In quel tempo, Gesù se ne andava per la Galilea; infatti non voleva più percorrere la Giudea, perché i Giudei cercavano di ucciderlo.
Si avvicinava intanto la festa dei Giudei, quella delle Capanne. Quando i suoi fratelli salirono per la festa, vi salì anche lui: non apertamente, ma quasi di nascosto.
Alcuni abitanti di Gerusalemme dicevano: «Non è costui quello che cercano di uccidere? Ecco, egli parla liberamente, eppure non gli dicono nulla. I capi hanno forse riconosciuto davvero che egli è il Cristo? Ma costui sappiamo di dov’è; il Cristo invece, quando verrà, nessuno saprà di dove sia».

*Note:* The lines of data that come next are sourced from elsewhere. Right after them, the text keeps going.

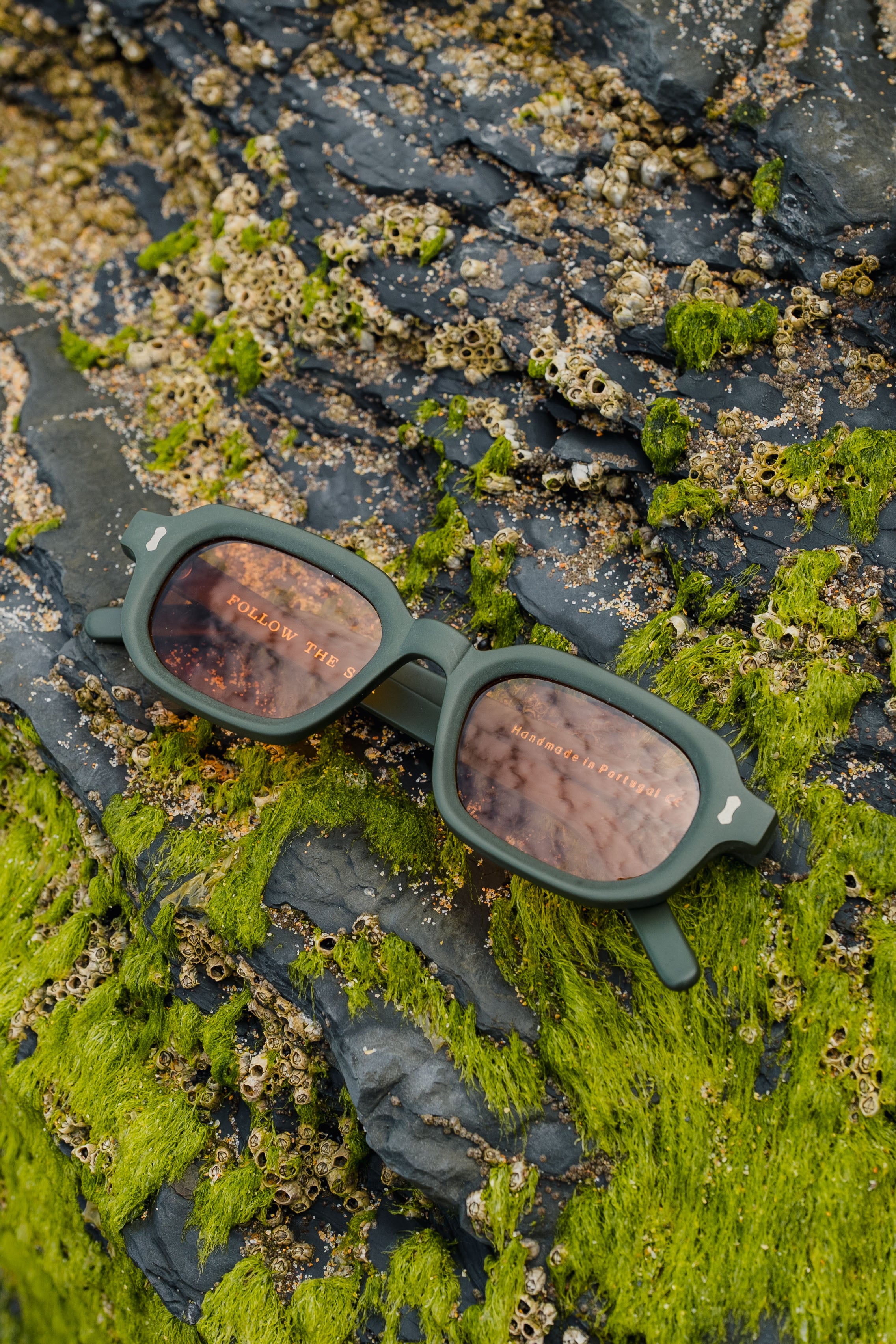 Sunglasses with matte green - Collaboration with Follow The Sun - Coup D'État Portugal
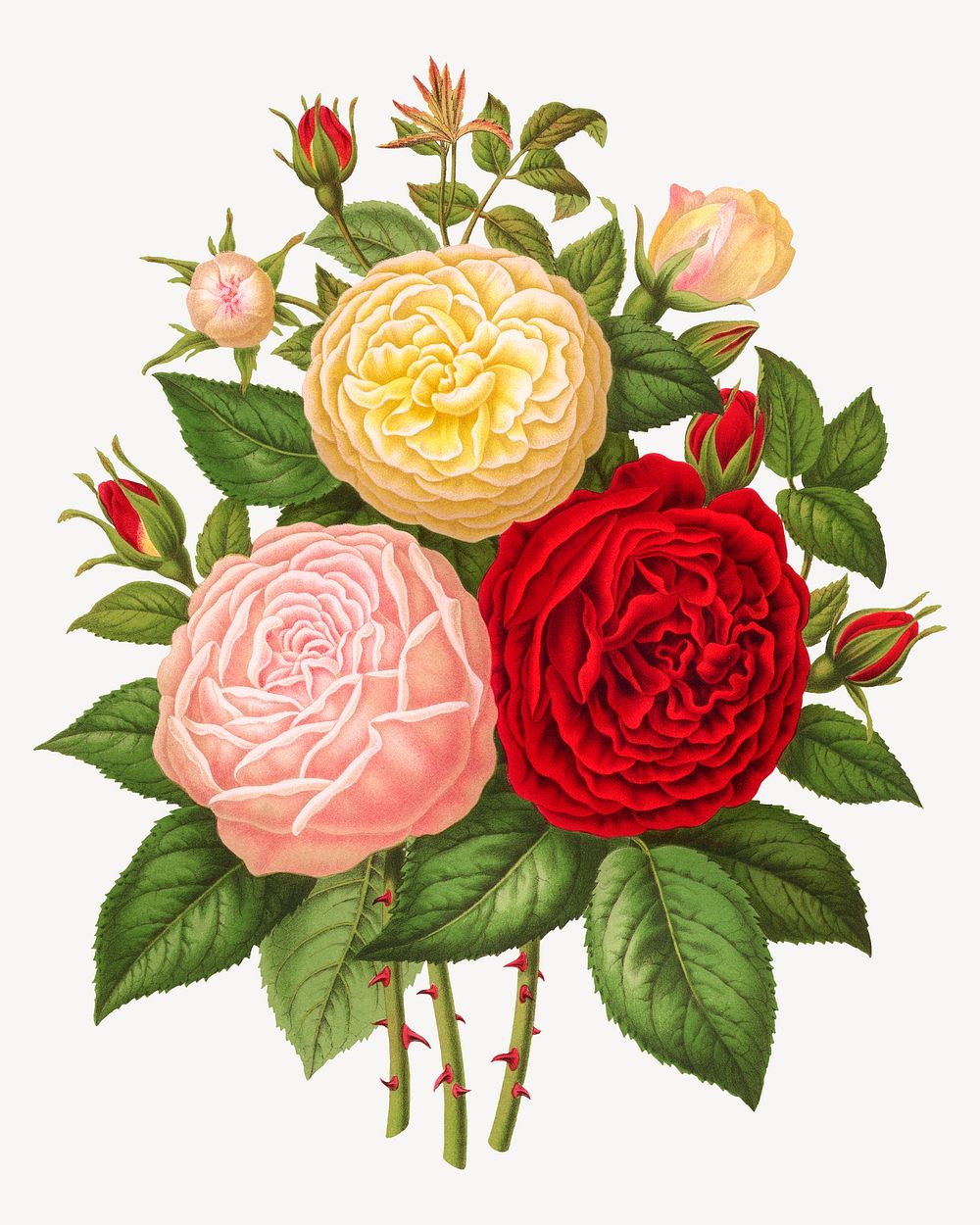 Vintage roses illustration. Remixed from our own original 1879 edition of Nederlandsche Flora en Pomona. 
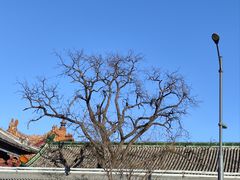 -潭柘寺景区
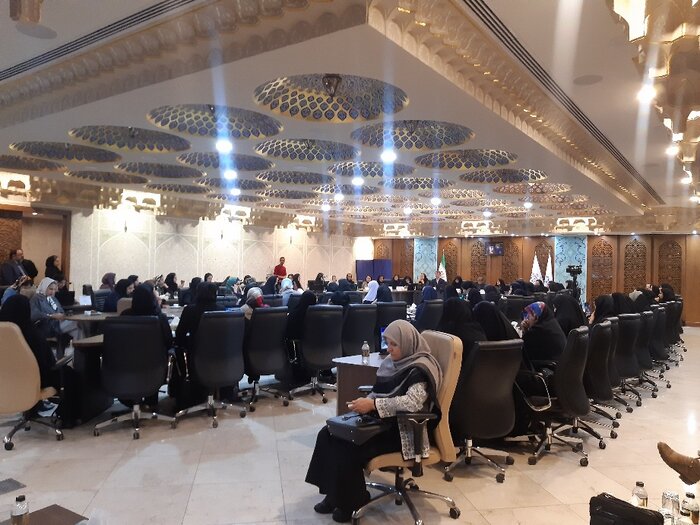 معاون رییس جمهور: رویکرد دولت، توسعه کسب و کارهای خانوادگی است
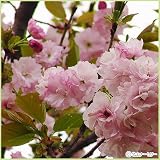 桜(サクラ)苗木 福禄寿(フクロクジュ)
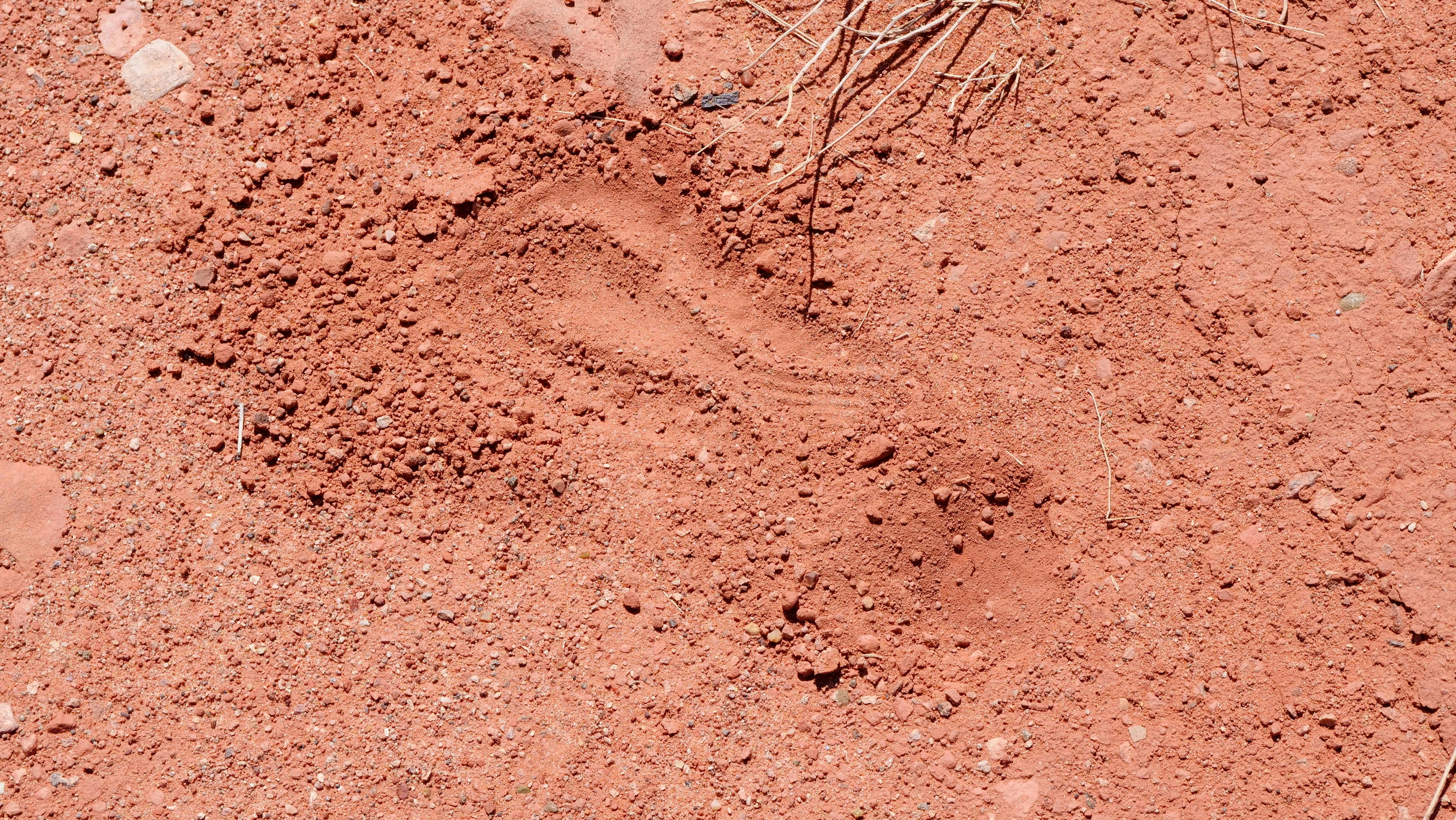 close up photo of dry soil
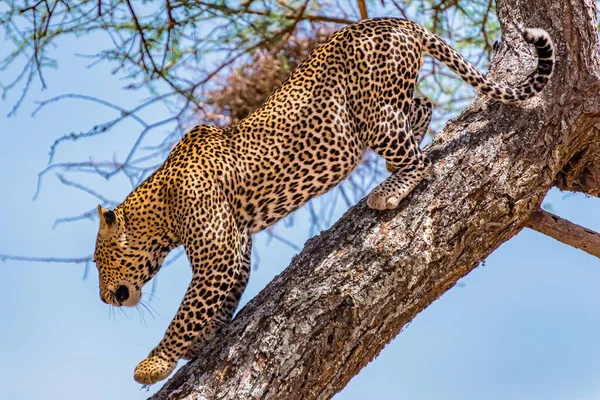 昼間にアフリカのヒョウが木から降りてきて — ストック写真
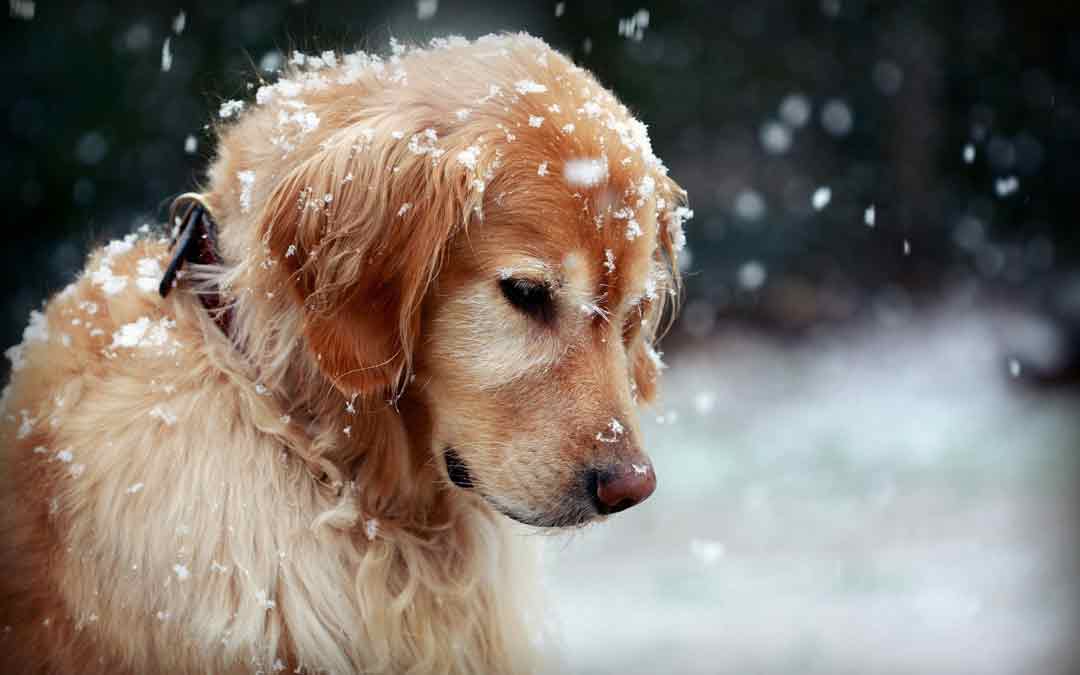 Vanha koira lumisateessa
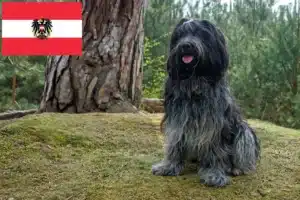 Read more about the article Criadores de Schapendoes e cachorros na Áustria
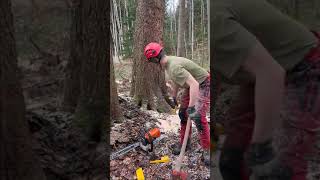 🌲⚒️ quotBaumfällung extremquot ⚒️🌲 [upl. by Calvano]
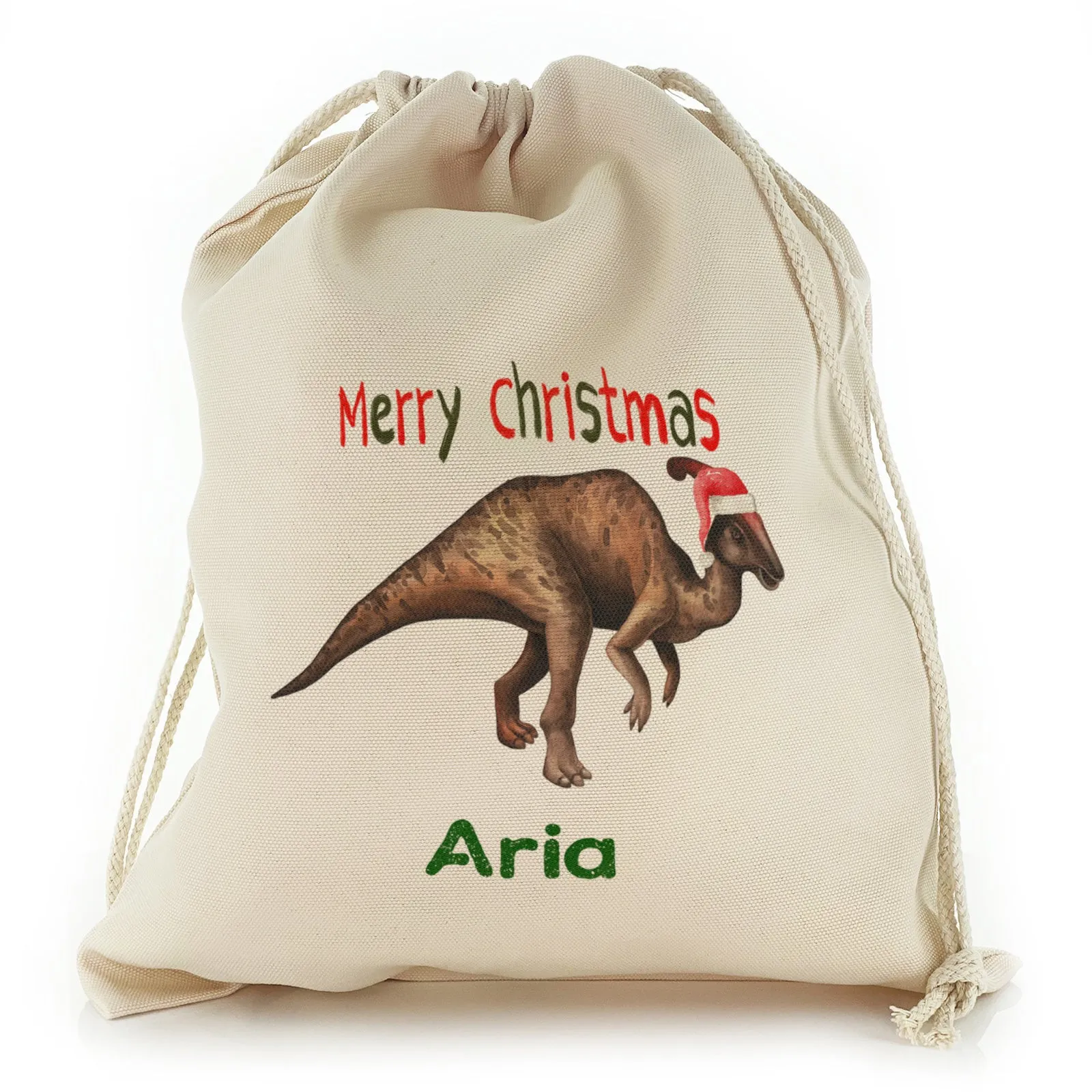 Personalised Canvas Sack with Dino Text and Santa Hat Parasaurolophus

Gesù allora, mentre insegnava nel tempio, esclamò: «Certo, voi mi conoscete e sapete di dove sono. Eppure non sono venuto da me stesso, ma chi mi ha mandato è veritiero, e voi non lo conoscete. Io lo conosco, perché vengo da lui ed egli mi ha mandato».
Cercavano allora di arrestarlo, ma nessuno riuscì a mettere le mani su di lui, perché non era ancora giunta la sua ora.
Riflessione a cura di Don Pasquale Somma:
La festa delle Capanne, a settembre, ricordava il tempo in cui Israele aveva vagato per il deserto vivendo sotto le tende, ma era anche una forma di ringraziamento per il raccolto. Davanti alle loro abitazioni, gli Ebrei costruivano delle capanne, presso le quali recitavano preghiere e facevano festa. L’affluenza di molta gente a Gerusalemme in occasione di tale festa amplificava le controversie dei capi e del popolo sulla persona di Gesù. Nel Vangelo vengono riportate le dispute sulla messianicità di Gesù e il problema della sua origine, della sua provenienza, caratteristico del Vangelo di Giovanni.
Alla luce di tutto il Vangelo, comprendiamo che Gesù sta dicendo la verità, ma che i Giudei giudicano secondo pochi dati materiali, insufficienti e, sostanzialmente, non del tutto corretti. Essi sono immersi nelle tenebre; sono ciechi. Gesù porta loro la luce e la verità, ma sono incapaci di aprirsi a esse. Anzi, questa rivelazione di Gesù provoca una reazione ancora più forte da parte dei suoi avversari, che cercano di catturalo e ucciderlo. Gesù fa una scelta di cui si assume le conseguenze. Sappiamo che questa proclamazione accenderà l’ostilità dei suoi oppositori, e sarà il motivo della sua condanna a morte. Davanti a questa rivelazione di Gesù, gli uomini di tutti i tempi sono chiamati a fare una scelta: riconoscere in lui l’inviato del Padre, il salvatore, la sorgente della salvezza. Non è a colpi di scomuniche che annunciamo Gesù Cristo: va bene fare chiarezza, certo, ma senza cadere nell’illusione che la verità si imponga per decreto legge… Nonostante la tensione crescente Gesù non tace e grida la sua fede, grida nel tempio la sua prospettiva di Dio. Anche nei nostri templi e nelle nostre chiese siamo chiamati a dire la nostra fede senza paura, con coraggio e determinazione. Tante volte in molte parti del mondo c’è ancora chi muore per il
Vangelo e quando chi scappa dalla guerra per fame o per salvarsi e approda sulle nostre coste noi che facciamo?
Il contrario dell’amore non è l’odio, ma l’indifferenza che è linfa vitale che alimenta ogni male, la linfa segreta del peccato. L’indifferenza per cui l’altro per te non esiste, non conta, non vale, non è niente.